Esterhazy se adelantó, le quitó la pistola y se la guardó en el cinturón. Luego lo registró. Fue un registro meticuloso, profesional. Le quitó sus cuchillos, una Walther del .32, paquetes de productos químicos, alambre y varias herramientas. Siguió palpando el forro de la cazadora y encontró más herramientas y objetos cosidos en él.
—Quítatela.
Pendergast obedeció y dejó caer la cazadora en la cubierta.
Esterhazy se volvió hacia los otros.
—Espósenlo, átenlo y amordácenlo. Lo quiero más inmovilizado que una momia.
Uno de los hombres se acercó. Le ató las muñecas a la espalda con una brida de nailon y lo amordazó con cinta americana.
—Túmbese —dijo el otro; hablaba con acento alemán.
Pendergast hizo lo que le decían.
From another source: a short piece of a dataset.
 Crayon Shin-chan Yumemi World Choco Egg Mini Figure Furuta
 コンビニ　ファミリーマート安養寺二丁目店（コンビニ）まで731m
Le ataron los tobillos y después le sujetaron con cinta adhesiva las muñecas, los brazos y las piernas, dejándolo boca abajo en la cubierta, incapaz de moverse.
—Muy bien —dijo Esterhazy al alemán—, ahora ordene al capitán que dé media vuelta y recoja a la chica.
—¿Por qué? —objetó el otro—. Ya tenemos lo que queríamos. ¿Qué más nos da?
—Usted quiere que hable, ¿no? ¿Acaso no es esa la razón por la que sigue con vida?
Tras una breve vacilación, el alemán habló con el capitán por el intercomunicador. Al poco, el yate aminoró y empezó a virar.
Esterhazy miró su reloj. Luego se volvió hacia Pendergast.
—Han pasado doce minutos —dijo—. Espero que no hayas gastado demasiado tiempo en decidirte.
Esterhazy cogió un cabo del puente.
—Ayúdeme a atarlo a esas bitas —le dijo a Schultz.
Su mente funcionaba a toda velocidad. Había estado fingiendo coraje y dándose aires de mando, pero bajo aquella fachada estaba muerto de miedo. No tenía más remedio que pensar en la manera de salvar su propio pellejo, pero no se le ocurría nada. «¿Qué pasa, Judson?», le había dicho Falkoner, «¿no confía en nosotros? Me sorprende y me ofende.» Sabía que tenía tantas probabilidades de sobrevivir como el mismo Pendergast.
El yate había dado media vuelta y en ese momento había reducido la velocidad porque se acercaban al punto de ruta. Esterhazy se asomó a la proa y buscó a la joven mientras dos reflectores barrían las tumultuosas aguas desde el puente.
—¡Allí! —gritó cuando una de las luces captó un destello de la tela reflectante del salvavidas.
El yate se situó al instante a sotavento de la joven. Esterhazy corrió a popa, cogió las cintas del salvavidas con un bichero y tiró de Constance hacia la popa. Falkoner se acercó y entre los dos la subieron hasta la plataforma de baño. Luego cargaron con ella y la llevaron al salón principal, donde la dejaron tumbada en el suelo de moqueta.
Estaba semiinconsciente pero todavía respiraba. Esterhazy le tomó el pulso. Era lento e irregular.